My phone decided it was going to update the OS so wiped out all my preferences. Individual text tones are no longer an option. That sucks. It also got rid of my Star Trek ringtones. I can’t seem to get it back after I somehow disabled the sound. The whole setting option has changed. UGH. Then my music was GONE! But luckily, it was only because it wasn’t recognizing the SD card. I had to remove it then reinstall it. I also updated my now spare phone. I then realized that when I changed my niece’s contact information, the number wasn’t in my phone. I just had to call to get the number. Felt weird having to call my number to get my number, lol.

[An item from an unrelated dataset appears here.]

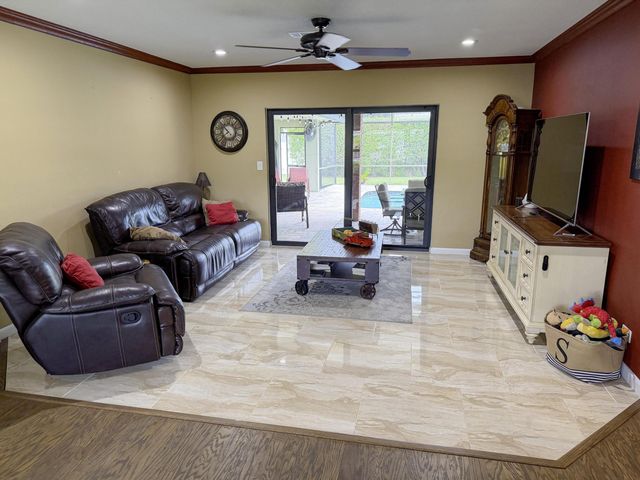 820 NW 73rd Terrace, Plantation, FL 33317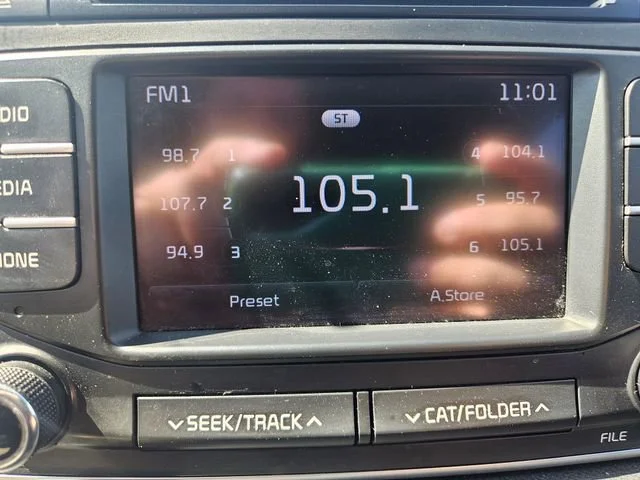 Used 2018 Silver Kia LX image 19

I missed the ball game today. I kind of saw a few tweets that said we scored two runs to take the lead and I don’t know what happened after that. I would have the Red Sox on mobile notifications but they don’t tell me the score during the game and if they do, they use a stupid box around the number so I have no clue what it translates to. It annoys the fuck out of me.

I just put in my refills for my meds for the month. I have four. It would have been five but I don’t have refills left on one. I will pick it up Tuesday as I know the Invega won’t be in stock until then. I was going to shower today but damn foot is a wreck. No way I am standing for 10 minutes just to aggravate the sucker. I’ll be up all night in pain again. Part of the reason my pain was so bad last night was that the barometric pressure was 30.14. Hi pressure equals a lot of pain. I am hoping to have my grocery order in tomorrow. I want to make morning glory muffins. There is a lot of good stuff in it, coconuts, carrots, apples, raisins. I haven’t had this kind of muffin in a long time. I think the coffee shop at work had them every now and then. They were so good and big. I hope my muffins are big. Usually they are small and look like a cupcake. That will be the adventure this week. I’ll try and make them before Easter so we can have dessert. I think my sister will be making a ham. Not sure what my mother is making. I thought she was going to make Pizzelles but she ended up washing clothes instead. Maybe she doesn’t have enough ingredients or something. I don’t know.